Published online by Cambridge University Press: 14 October 2009
In 1953 Rhoads Murphey published a book called Shanghai: Key to Modern China. Twenty-five years later, the same writer asserted that this was not the right key, and that Shanghai, bridgehead for penetration to the West, had played hardly any role in the evolution of modern China. The quarter of a century which has passed invites us to take stock; and it allows us to analyse the experience of treaty ports, in particular the port of Shanghai, without too much good – or bad – feeling.
For the Revolution of 1949 eliminated, if not Shanghai itself, at least the model of development inspired by the West of which the city had become the symbol. Without doubt this elimination was less radical than is generally admitted. The specific quality which Shanghai retained within the communist framework was owed, it is thought, to the survival of certain characteristics inherited from a century of historical experience (1842–1949).
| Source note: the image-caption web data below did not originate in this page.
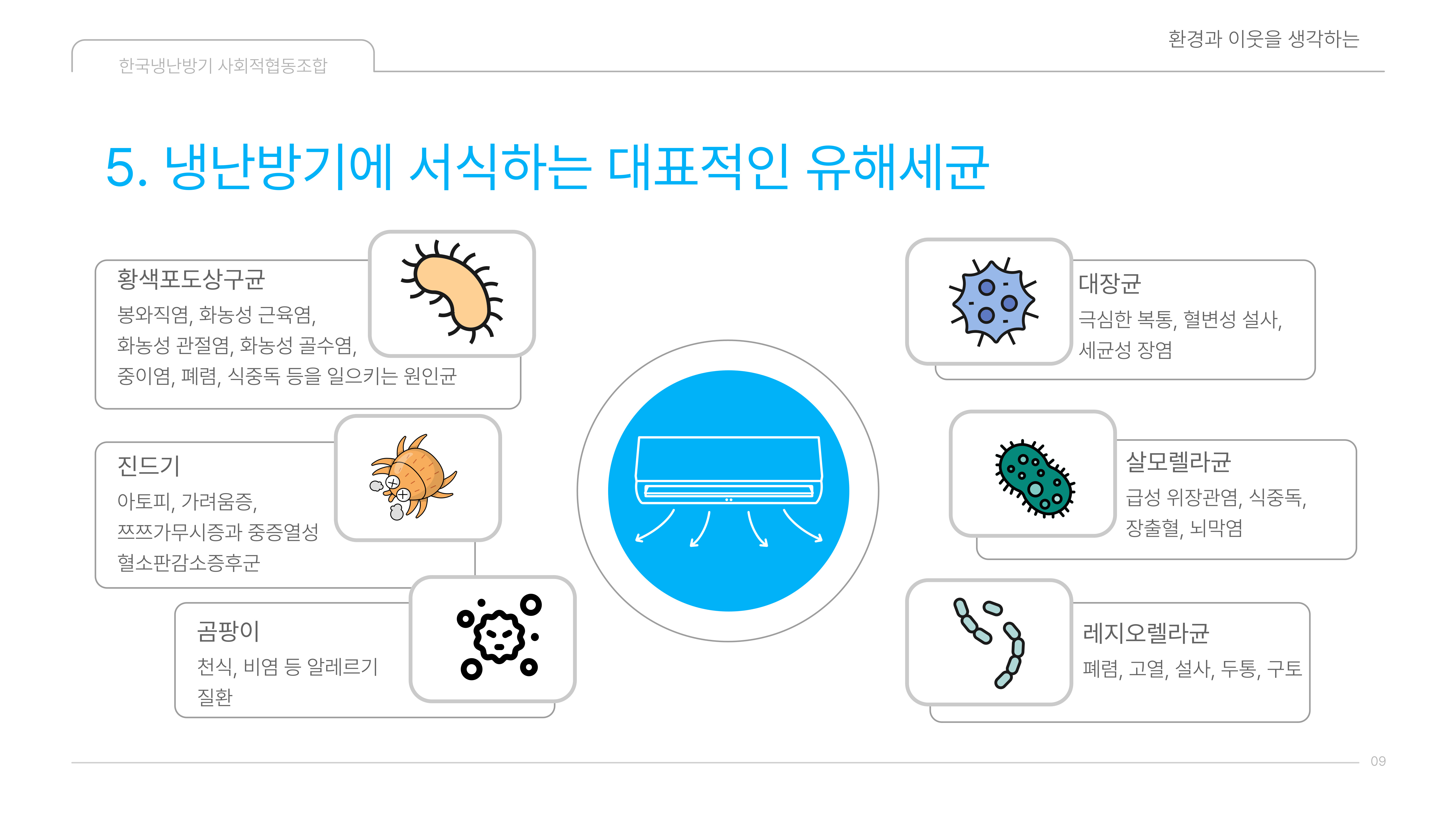 한국냉난방기사회적협동조합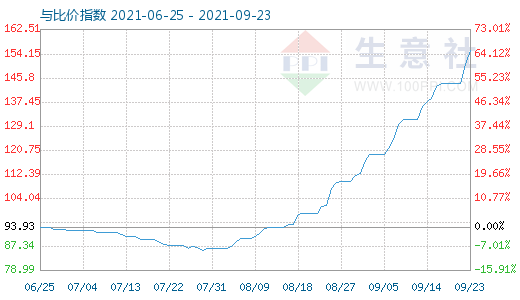 9月23日碳酸锂与玻璃比价指数图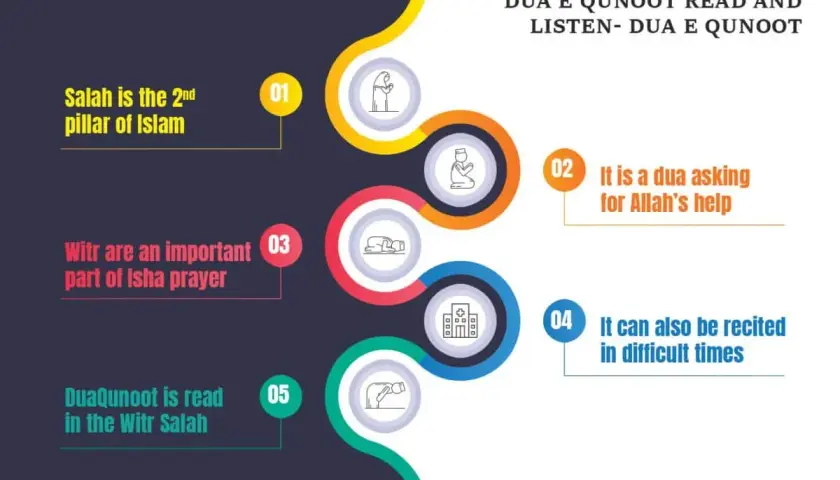 Infografik om dua qunoot, en bön om hjälp till Allah som reciteras under svåra tider och i Witr-bönen.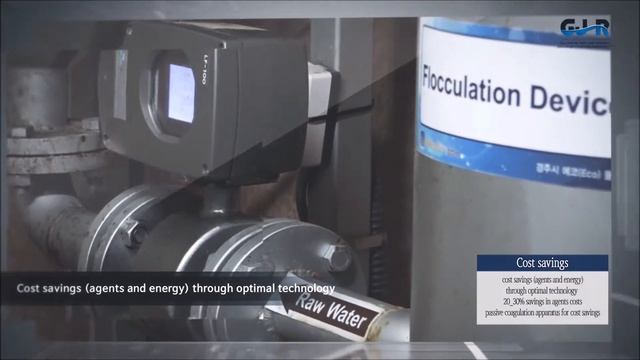 Advanced Technology+Innovative Water & Wastewater treatment system смотреть онлайн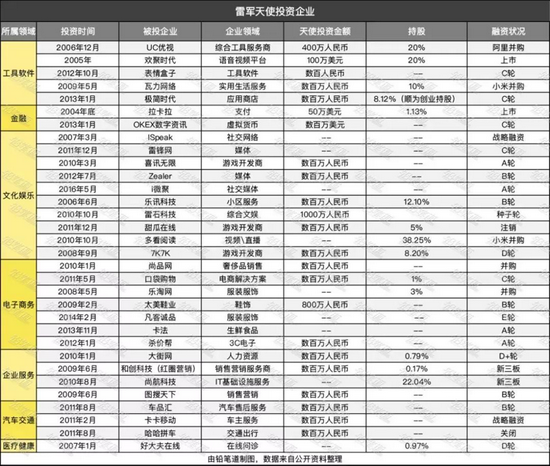 造车能否成功 小米已经有400多家公司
It was towards 1919 that the Shanghai model reached its peak whilst, at the same time, revealing its weakness. In fact, from one world war to the next, Shanghai did not cease to develop, increase its population, and strengthen its economic power, its political and its cultural influence. The degrading of its international status, however, endangered the foundation of a prosperity which, for a century, had been built upon integration with the world market, and on a relative independence from the bureaucratic Chinese government. It is true that Shanghai held other trumps: – her exceptionally favourable geographical situation; advances made in the spheres of industry, technology and finance; an active middle class and a relatively established working-class tradition.